A falta de estradas ou de acessos rápidos entre a vila e a capital do distrito, Bragança, sempre foi um problema com que os autarcas se debateram e continuam a debater. Já na altura em que Joaquim Marrão entrou para a câmara isso era um problema. “Tinha aqui no concelho aldeias que, no inverno, ficavam totalmente isoladas e os carros não conseguiam andar. Quando saí da câmara todas as estradas estavam asfaltadas”. O antigo presidente da câmara lembrou ainda que numa visita do político Francisco Sá Carneiro foi recebê- -lo ao limite do concelho, onde havia estrada de ambos os lados, mas não havia ponte. “A estrada com boas condições para ligar à capital de distrito continua por fazer embora tenha tido melhoramentos”, afirmou, sublinhando que, uma vez que a estrada dá acesso a concelhos como Mogadouro, Freixo de Espada à Cinta e Miranda do Douro, “justificava-se uma estrada em boas condições”. No mandato de José Miranda, numa vinda de um secretário de Estado da tutela foi anunciado que iria ser lançada a estrada, que há muito reivindicavam, que ligaria Vimioso a Outeiro e serviria também outros concelhos. “Batalhou-se muito, trabalhou-se muito, fez-se um protocolo com essas quatro câmaras, com a junta autónoma de estradas e com o secretário de Estado da tutela. Estava o anteprojecto da estrada feito, mas entretanto eu saí da câmara, em 2002, e perdi o rasto da situação”, contou. Mais tarde soube que a estrada não chegou a ser feita, porque punha em perigo a espécie rato-de-cabrera. “O que aconteceu é que alguém não quis que estrada fosse pelo trajecto que estava definido”, apontou, defendendo que esta via iria ser “mais uma motivação” para as pessoas ficarem no concelho. A reivindicação da estrada ficou então para José Rodrigues, presidente a seguir a José Miranda. “Foi sempre uma das nossas solicitações, até que ambientalmente essa estrada não foi possível fazê-la”, explicou, dizendo que foi uma “desculpa” para não avançar com a empreitada.

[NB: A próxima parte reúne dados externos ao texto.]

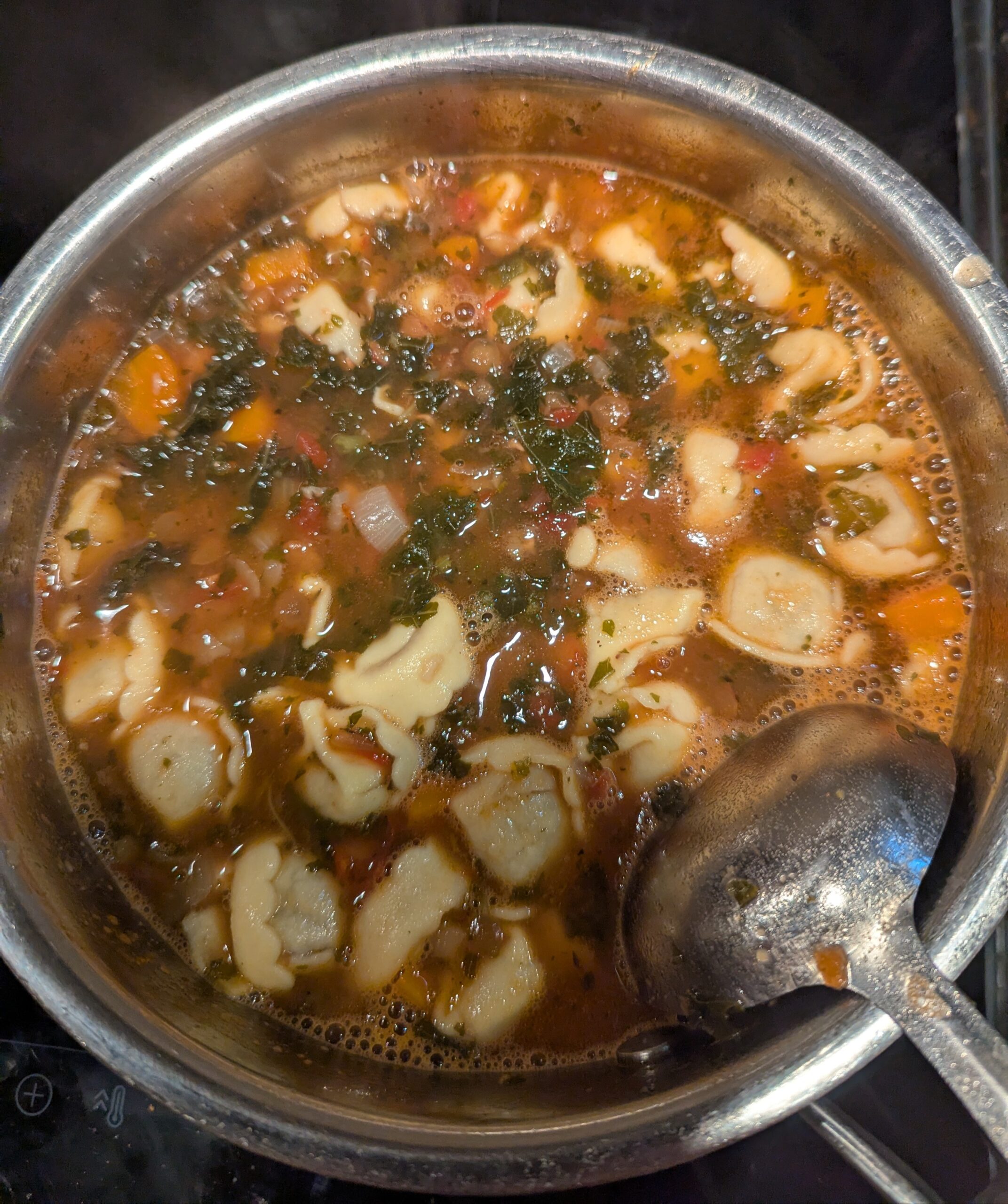 Hearty Vegetable Tortellini Soup with Lentils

No verão foi dado o parecer positivo, pela Agência Portuguesa do Ambiente, para a construção de uma ponte entre Carção e Vimioso que irá encurtar a ligação à A4 e a capital de distrito. Há quatro anos que esta empreitada era anunciada. À época estimava-se que as obras começassem ainda este ano, mas o projecto ainda não está concluído.

A falta de emprego

A oferta de emprego, no concelho de Vimioso, estava maioritariamente relacionada com a actividade agrícola e a pecuária. Outra actividade de relevo terá sido o comércio. A vila de Argozelo, à época, terá ficado conhecida pelo número de comerciantes que ganhavam o seu dia-a-dia a vender produtos, mas também pelas minas que deram emprego a dezenas de pessoas. Actualmente são poucos os que ainda se dedicam às actividades mencionadas. Luís Mina confirma que já ninguém se quer dedicar à agricultura e pastorícia e, por isso, “fogem das aldeias”. Outro dos problemas que afecta os poucos agricultores do concelho diz respeito ao emparcelamento de terrenos. Segundo José Rodrigues as burocracias são um entrave e, dessa forma, não é possível fazer grandes investimentos agrícolas, porque os terrenos são pequenos. Apontou ainda que outros não entendem a vantagem de fazer o emparcelamento de terrenos e, por isso, dedicam-se apenas à agricultura de subsistência. O antigo presidente da câmara acredita que com incentivos, como a criação de prémios e a facilidade de união de terrenos, o interesse pela agricultura aumentaria.

40 anos depois Vimioso ainda não tem escola secundária

Quando Joaquim Marrão foi autarca de Vimioso eram poucas as localidades que tinham escola secundárias. Quem queria ter acesso a este grau de ensino deslocava-se para Bragança. Hoje, quarenta anos depois, Vimioso continua sem ter ensino secundário. “Isto é uma pescadinha de rabo na boca. Não há alunos suficientes e como não há alunos suficientes não fazem a escola e como não fazem a escola, se calhar, também não há alunos”, salientou. Argozelo, a aldeia que entretanto passou a vila, é das maiores do distrito e chegou a ter oito professores para 100 alunos. Em Santulhão e Carção era idêntico. “Se não há alunos como quer que haja escolas?”, questionou Luís Mina, adiantando que quando foi professor em Argozelo, na altura, havia nove professores, cada um com 40 alunos. “Se não há 12º ano, as pessoas com filhos pensam que eles têm que seguir uma carreira e ter que estudar, então têm que sair do concelho”, explicou José Rodrigues. No seu mandato disse ter feito os possíveis para fixar a população, nomeadamente com a oferta dos livros escolares.